Protection file

Three is the Magic Number in New Directions for IRS Paycheck Protection Program Eversheds Sutherland (United States) LLP

The IRS recently released a trio of tax proceedings—2021-48, 2021-49, and 2021-50—Related to the Paycheck Protection Program (PPP), which has been the subject of a number of our previous legal alerts. Some alerts can be viewed here, here, and here.

In the IRS’s own words, here is what these guidance documents say:

The 2021-48 tax procedure provides that taxpayers can process amounts that are excluded from gross income (tax-exempt income) as part of the remittance of [PPP] Loans received or accrued: (1) [when] eligible expenses are paid or incurred, (2) when a PPP loan forgiveness request is made, or (3) when PPP loan forgiveness is granted. To the extent that tax-exempt income resulting from the cancellation of a PPP loan is treated as gross revenue under a specific federal tax provision, this revenue procedure applies for the purposes of determining when and , to the extent possible, to report such gross receipts.

The 2021-49 Tax Procedure provides guidance to partnerships and consolidated groups regarding amounts excluded from gross income and deductions relating to [PPP] and certain other COVID-19 relief programs. Specifically: this revenue procedure provides guidance to partners and their partnerships regarding allowances under § 704 (b) of the Internal Revenue Code and the corresponding adjustments to be made with respect to the partners’ bases in their interests partnership under § 705 of the Code.

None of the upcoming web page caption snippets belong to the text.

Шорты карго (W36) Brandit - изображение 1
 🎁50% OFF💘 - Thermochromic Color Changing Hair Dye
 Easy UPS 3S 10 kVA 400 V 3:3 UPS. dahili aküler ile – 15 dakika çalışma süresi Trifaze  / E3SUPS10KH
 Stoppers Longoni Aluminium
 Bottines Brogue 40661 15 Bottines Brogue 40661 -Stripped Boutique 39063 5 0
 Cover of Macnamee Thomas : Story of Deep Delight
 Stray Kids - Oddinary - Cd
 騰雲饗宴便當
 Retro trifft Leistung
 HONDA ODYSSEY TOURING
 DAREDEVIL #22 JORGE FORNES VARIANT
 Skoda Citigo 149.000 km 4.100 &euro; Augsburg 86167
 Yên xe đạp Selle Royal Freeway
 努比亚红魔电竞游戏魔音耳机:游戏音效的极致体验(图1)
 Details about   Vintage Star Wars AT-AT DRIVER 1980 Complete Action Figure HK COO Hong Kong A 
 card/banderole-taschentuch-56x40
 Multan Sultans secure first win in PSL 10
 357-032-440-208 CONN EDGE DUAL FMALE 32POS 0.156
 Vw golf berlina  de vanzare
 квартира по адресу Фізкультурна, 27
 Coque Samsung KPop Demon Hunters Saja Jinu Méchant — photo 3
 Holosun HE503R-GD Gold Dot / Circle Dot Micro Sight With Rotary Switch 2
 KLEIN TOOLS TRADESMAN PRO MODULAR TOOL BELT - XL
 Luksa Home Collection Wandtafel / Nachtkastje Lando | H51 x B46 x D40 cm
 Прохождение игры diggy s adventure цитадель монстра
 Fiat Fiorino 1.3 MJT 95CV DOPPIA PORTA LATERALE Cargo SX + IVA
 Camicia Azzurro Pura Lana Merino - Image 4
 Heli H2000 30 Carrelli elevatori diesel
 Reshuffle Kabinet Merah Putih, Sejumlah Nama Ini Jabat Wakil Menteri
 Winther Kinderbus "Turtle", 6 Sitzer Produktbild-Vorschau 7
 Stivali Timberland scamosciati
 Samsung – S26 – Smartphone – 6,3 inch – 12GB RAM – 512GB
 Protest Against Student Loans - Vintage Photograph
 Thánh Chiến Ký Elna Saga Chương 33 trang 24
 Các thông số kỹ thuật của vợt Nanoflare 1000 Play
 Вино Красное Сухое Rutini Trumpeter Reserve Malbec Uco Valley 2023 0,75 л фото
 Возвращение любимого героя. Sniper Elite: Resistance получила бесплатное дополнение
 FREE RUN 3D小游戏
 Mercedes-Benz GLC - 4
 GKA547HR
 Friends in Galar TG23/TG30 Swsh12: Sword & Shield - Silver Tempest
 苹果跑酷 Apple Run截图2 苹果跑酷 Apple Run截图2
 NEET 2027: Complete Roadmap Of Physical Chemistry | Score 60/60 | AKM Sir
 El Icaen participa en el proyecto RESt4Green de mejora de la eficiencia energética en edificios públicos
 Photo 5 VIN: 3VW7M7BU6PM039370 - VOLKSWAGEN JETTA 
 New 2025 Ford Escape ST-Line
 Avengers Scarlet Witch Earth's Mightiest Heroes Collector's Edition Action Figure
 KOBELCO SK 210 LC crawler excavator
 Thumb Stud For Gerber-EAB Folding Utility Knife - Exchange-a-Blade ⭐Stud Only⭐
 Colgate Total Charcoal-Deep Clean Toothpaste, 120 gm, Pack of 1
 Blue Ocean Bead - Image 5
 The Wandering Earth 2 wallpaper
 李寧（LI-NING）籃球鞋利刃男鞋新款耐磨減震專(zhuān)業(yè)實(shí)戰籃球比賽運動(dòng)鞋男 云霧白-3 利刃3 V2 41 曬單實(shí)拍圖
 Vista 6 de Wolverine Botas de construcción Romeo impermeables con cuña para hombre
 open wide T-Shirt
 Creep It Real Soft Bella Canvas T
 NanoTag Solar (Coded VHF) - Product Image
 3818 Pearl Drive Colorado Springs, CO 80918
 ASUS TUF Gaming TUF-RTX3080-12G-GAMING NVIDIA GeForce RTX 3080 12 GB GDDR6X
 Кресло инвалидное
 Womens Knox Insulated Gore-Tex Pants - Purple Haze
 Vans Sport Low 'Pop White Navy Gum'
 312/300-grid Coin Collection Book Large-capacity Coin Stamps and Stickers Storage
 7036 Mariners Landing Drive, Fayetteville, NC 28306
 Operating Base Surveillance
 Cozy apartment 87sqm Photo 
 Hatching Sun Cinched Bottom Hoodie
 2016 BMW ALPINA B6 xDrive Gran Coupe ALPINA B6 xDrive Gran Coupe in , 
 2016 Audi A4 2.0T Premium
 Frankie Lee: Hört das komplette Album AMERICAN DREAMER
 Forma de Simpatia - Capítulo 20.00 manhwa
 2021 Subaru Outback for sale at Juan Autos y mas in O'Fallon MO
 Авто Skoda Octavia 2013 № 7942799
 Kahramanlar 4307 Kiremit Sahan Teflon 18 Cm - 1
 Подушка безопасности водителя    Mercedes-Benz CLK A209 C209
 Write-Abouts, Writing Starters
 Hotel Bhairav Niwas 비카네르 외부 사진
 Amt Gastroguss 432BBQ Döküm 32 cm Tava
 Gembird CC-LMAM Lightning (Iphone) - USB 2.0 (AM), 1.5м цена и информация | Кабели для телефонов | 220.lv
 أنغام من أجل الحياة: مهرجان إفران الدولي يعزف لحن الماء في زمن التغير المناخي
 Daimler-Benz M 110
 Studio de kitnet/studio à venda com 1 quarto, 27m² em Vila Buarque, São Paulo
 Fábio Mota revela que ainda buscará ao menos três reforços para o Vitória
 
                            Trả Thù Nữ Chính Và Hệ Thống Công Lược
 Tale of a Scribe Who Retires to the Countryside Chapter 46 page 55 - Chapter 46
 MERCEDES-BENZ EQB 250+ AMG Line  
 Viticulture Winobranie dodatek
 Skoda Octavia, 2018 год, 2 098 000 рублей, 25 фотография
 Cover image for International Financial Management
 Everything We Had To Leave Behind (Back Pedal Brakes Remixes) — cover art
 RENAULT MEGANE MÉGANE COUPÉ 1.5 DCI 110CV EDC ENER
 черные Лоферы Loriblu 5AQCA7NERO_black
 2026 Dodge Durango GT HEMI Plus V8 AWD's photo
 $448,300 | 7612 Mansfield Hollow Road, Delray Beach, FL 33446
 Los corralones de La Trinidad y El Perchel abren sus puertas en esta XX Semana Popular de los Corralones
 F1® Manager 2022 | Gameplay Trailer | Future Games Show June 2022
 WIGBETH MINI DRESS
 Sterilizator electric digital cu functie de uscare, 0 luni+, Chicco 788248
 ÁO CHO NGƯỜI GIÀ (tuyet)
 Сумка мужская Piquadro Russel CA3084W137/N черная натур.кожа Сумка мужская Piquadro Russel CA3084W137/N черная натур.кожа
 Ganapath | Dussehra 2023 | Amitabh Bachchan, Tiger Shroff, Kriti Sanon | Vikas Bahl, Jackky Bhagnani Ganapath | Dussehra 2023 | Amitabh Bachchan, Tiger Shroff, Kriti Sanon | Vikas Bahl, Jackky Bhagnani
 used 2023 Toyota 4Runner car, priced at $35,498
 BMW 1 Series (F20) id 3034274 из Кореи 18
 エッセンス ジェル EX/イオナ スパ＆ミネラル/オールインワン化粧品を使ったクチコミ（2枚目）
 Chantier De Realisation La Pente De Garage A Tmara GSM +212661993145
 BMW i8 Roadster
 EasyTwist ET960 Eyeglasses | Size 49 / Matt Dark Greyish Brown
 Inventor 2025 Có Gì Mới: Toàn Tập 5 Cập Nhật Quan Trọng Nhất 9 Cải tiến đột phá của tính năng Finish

This revenue procedure also provides guidance under § 1502 of the Code and § 1.1502-32 of the Income Tax Regulations regarding the corresponding basic adjustments for shares of subsidiaries of consolidated groups due to exempt income from tax. tax resulting from certain canceled PPP loans, agreements or the subsidized payment of certain principal, interest and charges.

The 2021-50 tax procedure authorizes eligible BBA partnerships [i.e., those partnerships subject to the centralized partnership audit regime] file the amended Forms 1065 and provide the amended Appendices K-1 no later than December 31, 2021, to adopt the guidelines set out in Rev. Procs. 2021-48 and 2021-49 if certain conditions are met.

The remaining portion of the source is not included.